If you “silently try” an action, the check and carry out rulebooks will run, but the report rulebook will not.
A rulebook has a default outcome. All the action specific rulebooks have a default of “continue the action,” which means the same as “make no decision.”
The Before rulebook also defaults to “continue the action,” but the Instead and After rulebooks stop the action by default (Instead stops the action with failure, and After stops the action with success). Before, Instead, and After rulebooks can apply to multiple actions (e.g. “doing something,” “examining or touching”) - check, carry out and report rules only apply to a single action (e.g. “examining”).
This is the order of action processing rulebooks:
An action is considered successful if it makes it through the entire check rulebook without a “stop the action” or “rule fails.” You can abort an action and call it a success by saying “rule succeeds.” Here’s a twist I discovered when playing around: an action is also considered successful if a check rule triggered a “try” that ended in success, even if the triggering rule exited with an “instead” or “stop the action.” “Rule fails” always causes the action to fail, though, and this is seems to be the default for Instead rules.

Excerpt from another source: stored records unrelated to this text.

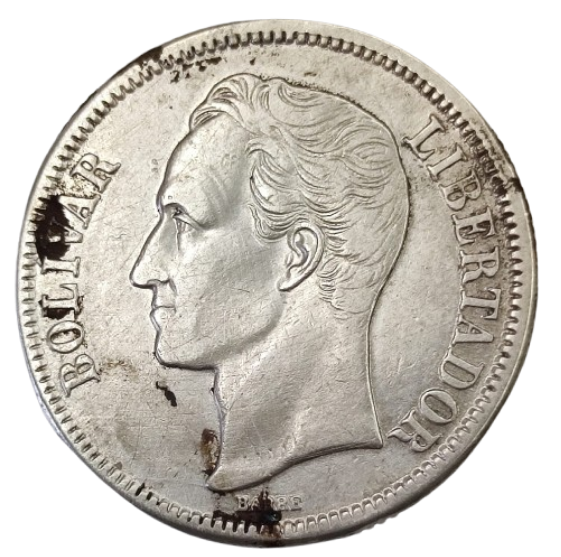 1 BOLÍVAR VENEZUELA 1945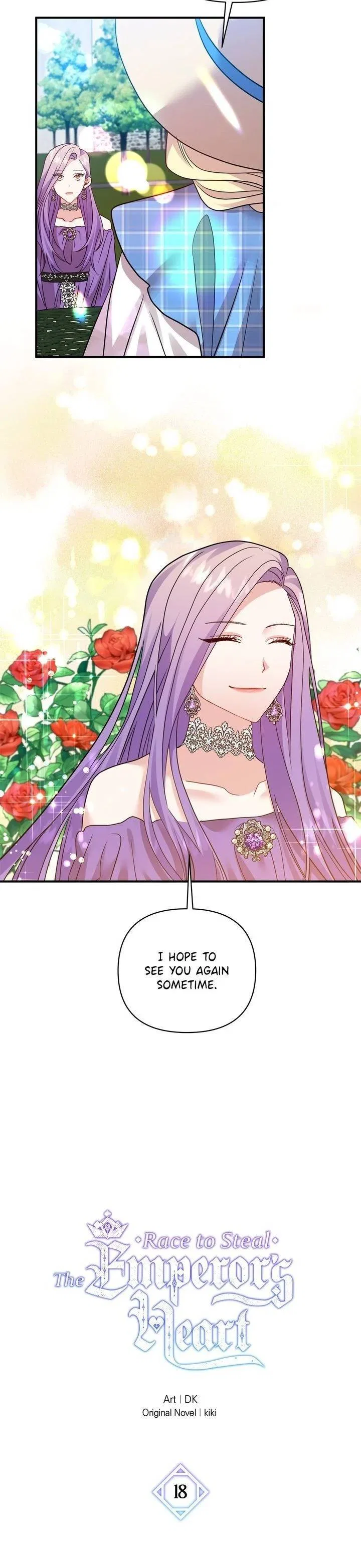 Now I Will Take The Emperor’s Heart Chapter 18 – Page 12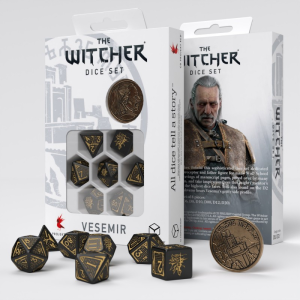 The Witcher Dice Set: Vesemir - The Sword Master 1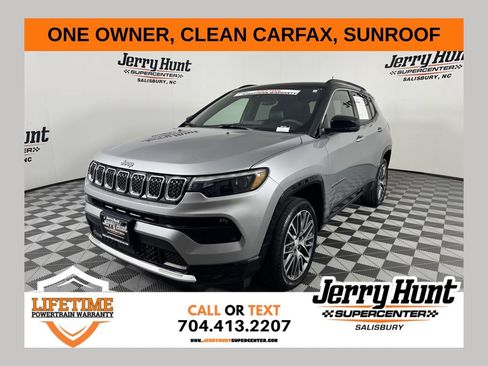 Used 2023 Jeep Compass Limited w/ Elite Group AWD/4WD image 1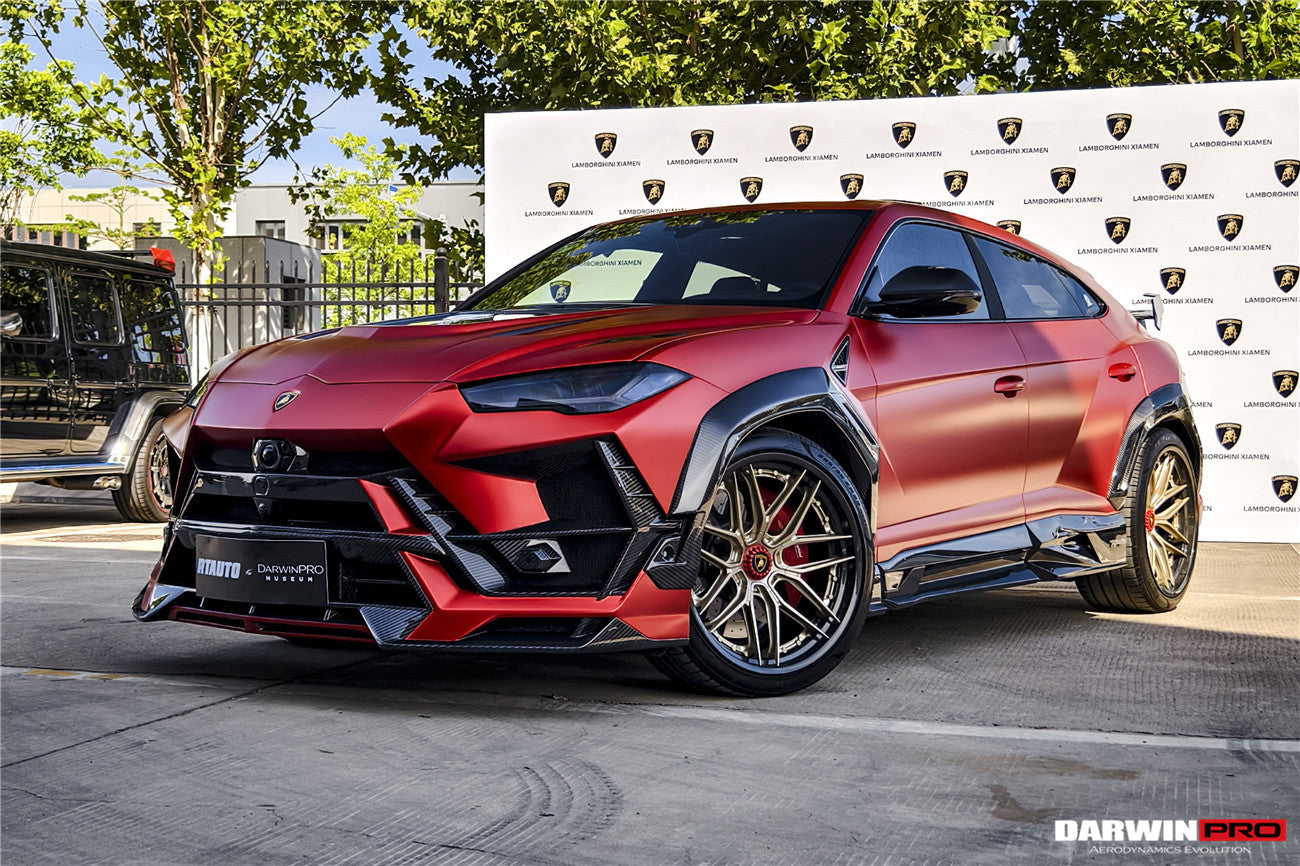 DarwinPRO 2022-2025 Lamborghini URUS BKSS Part Carbon Fiber Wide Body Kit | Fits S, Performante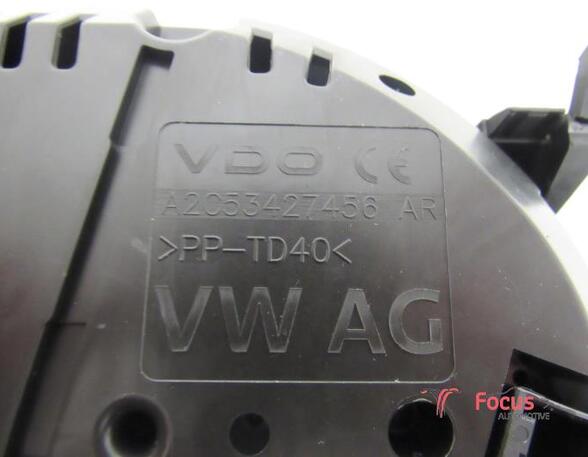 Aanwijsinstrument VW Golf VII (5G1, BE1, BE2, BQ1)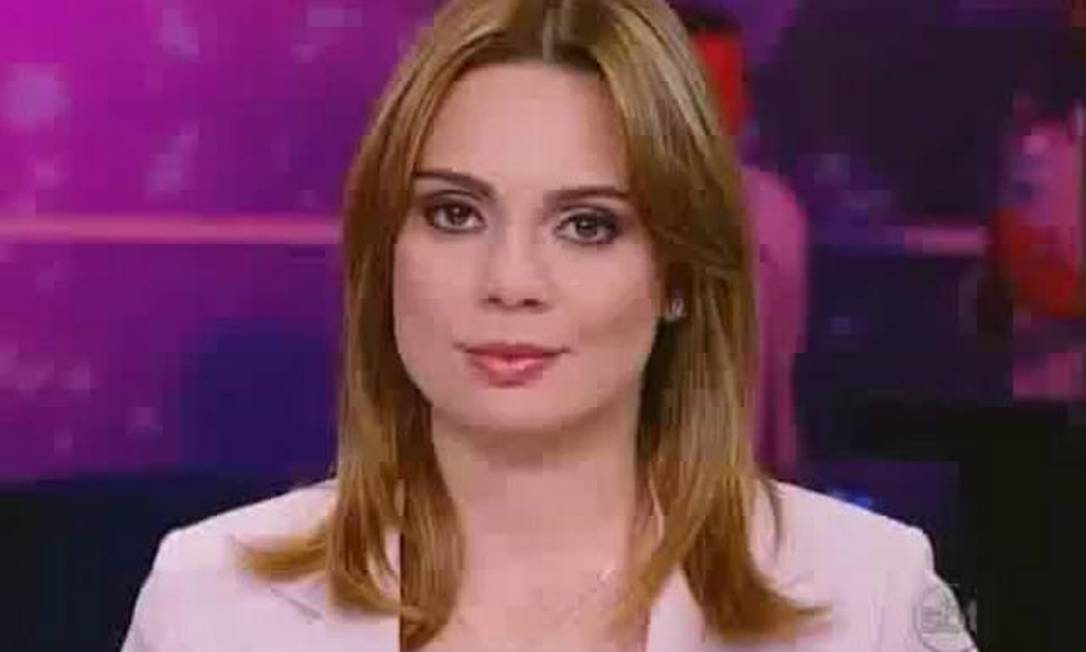 
A apresentadora do "SBT Brasil" Rachel Sheherazade
Foto:
Reprodução
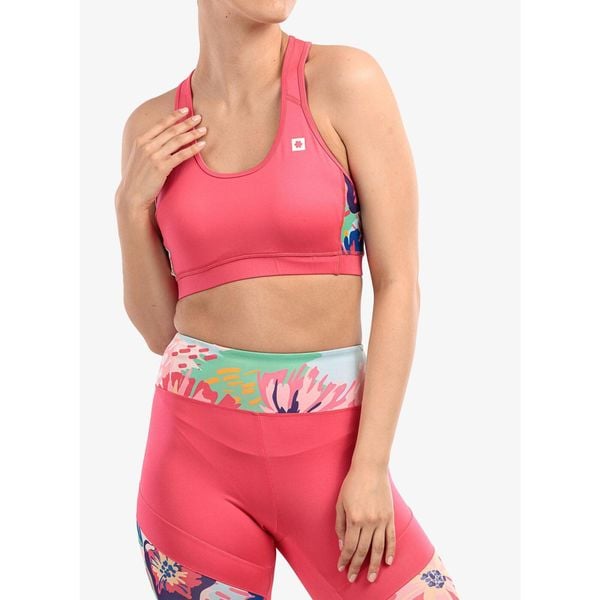 Biustonosz dla kobiet Ocun Misty pink. Czerwone biustonosze sportowe damskie Ocun, bez wzorów. Za 228.00 zł.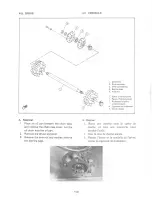 Preview for 106 page of Yamaha ET300G Service Manual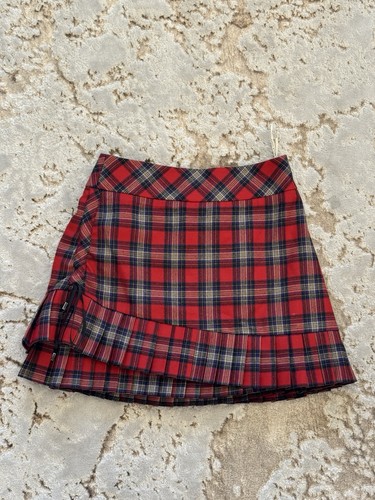 Karen millen red tartan virgin - karen,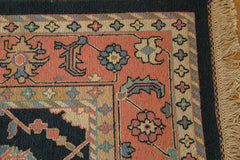 9x12 Vintage Serapi Indian Soumac Design Carpet // ONH Item mc001346 Image 5
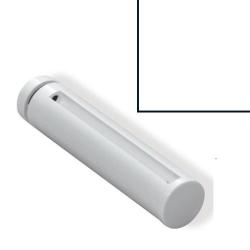 HEWI 477 Glasplattenhalter rein-weiss 1 Paar f�r 8 mm Platten / Spiegel 477.03.510-99 Serie 477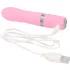 Pillow Talk Flirty - ladattava sauvavibraattori - pinkki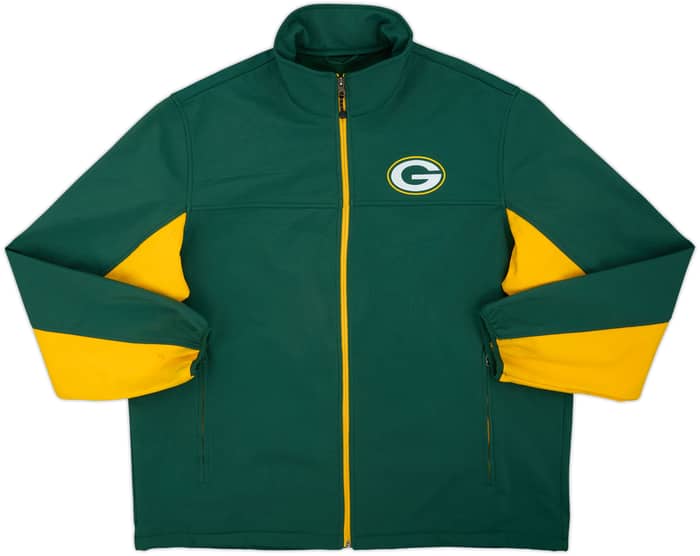 2010s Green Bay Packers NFL Full-Zip Jacket - 6/10 - (XXL)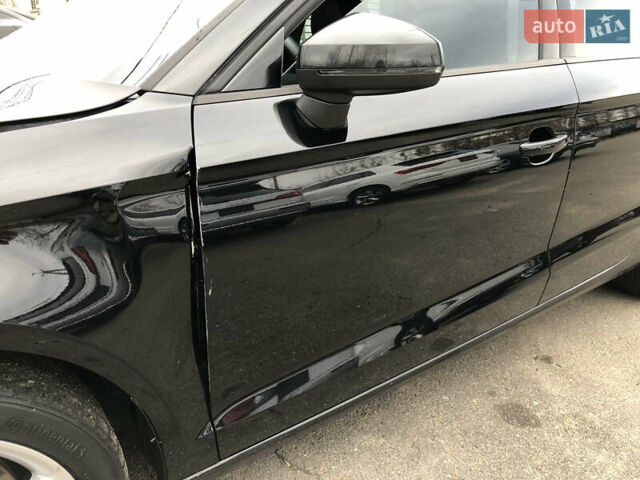 Чорний Ауді А3, об'ємом двигуна 1.8 л та пробігом 147 тис. км за 9889 $, фото 28 на Automoto.ua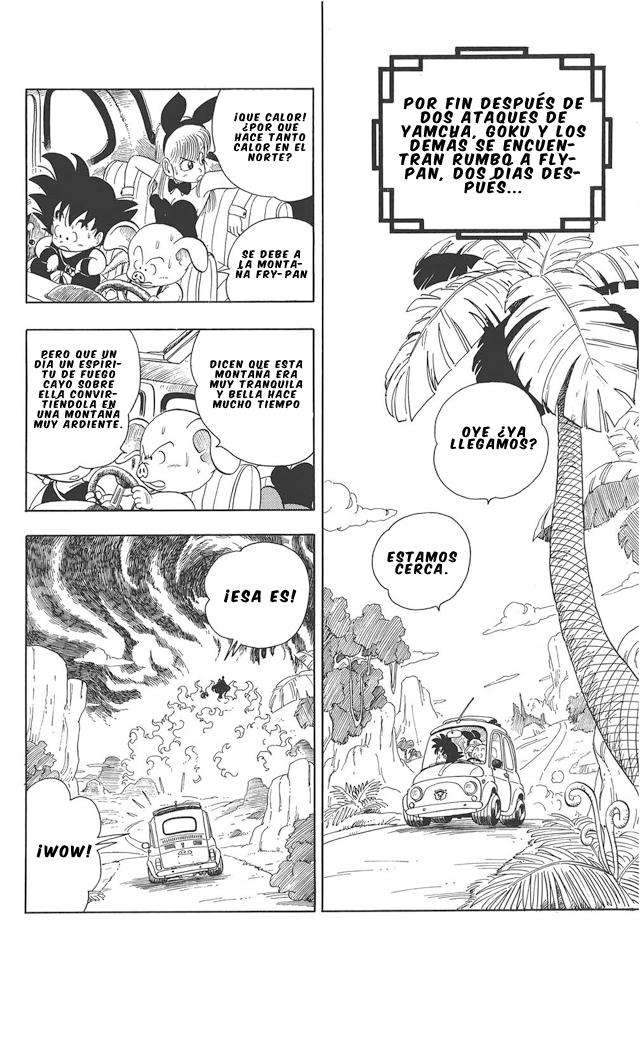 Read Dragon Ball (es) Manga Online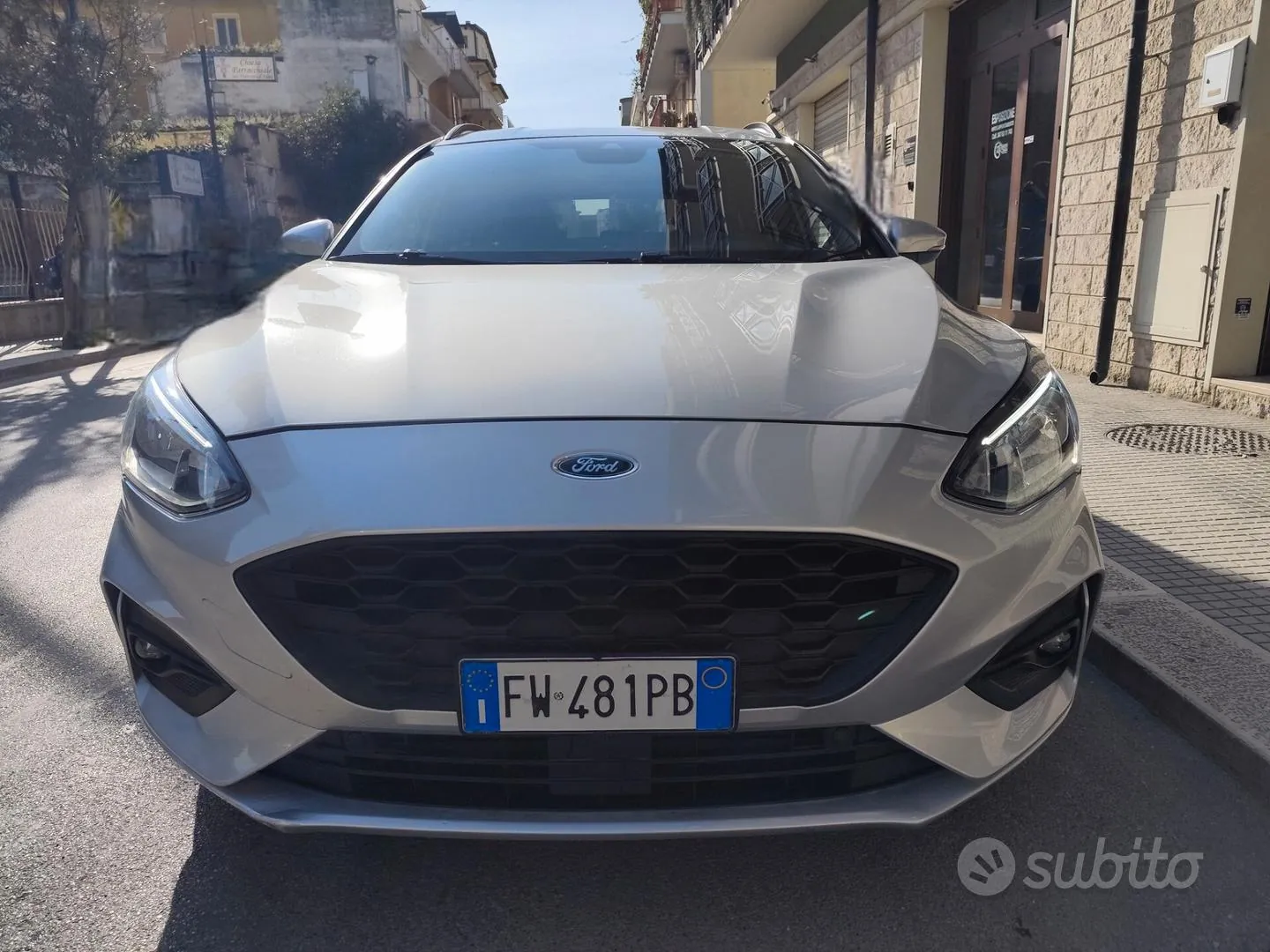Ford Focus 2019 photo 2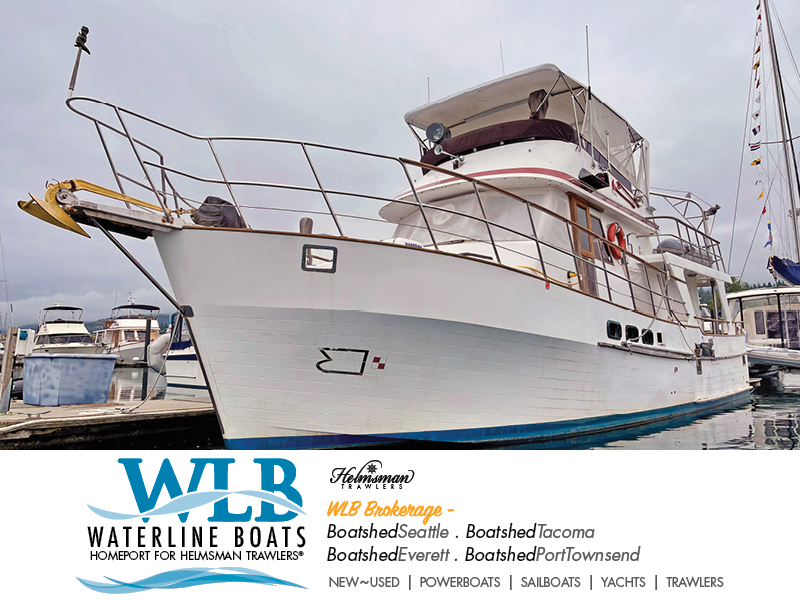 WaterA Boat Owner's Insights - Review of a King Yachts 47 Pilothouse For Sale by Waterline Boats / Boatshed Port Townsend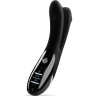 Вибратор с электростимуляцией MYSTIM Tingling Aparte Estim, чёрный 46877
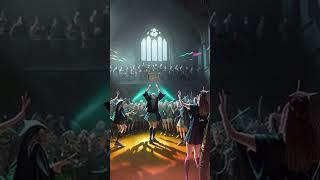 Hogwarts Rave Party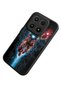 Xlaomi Mi 17 5g Compatible Glossy Premium Case with Iron Man Design - 4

The “actions” debugging command is really useful in this kind of case - it will tell you what actions are triggered, and whether each one was successful.
One last note: “we have examined the notebook” is only true if the action was successful, but “examining the notebook” is true even if it failed. A warning, though - the latter phrase is only true if a command was parsed as the action - it won’t be true if the action was triggered by a “try” phrase.
Here’s an example:
[code]Test is a room.
A newspaper is in test.
instead try examining the noun.
Every turn when we have touched the newspaper:
say “You successfully touched the newspaper.”
Every turn when examining the newspaper:
say “You tried examining the newspaper.”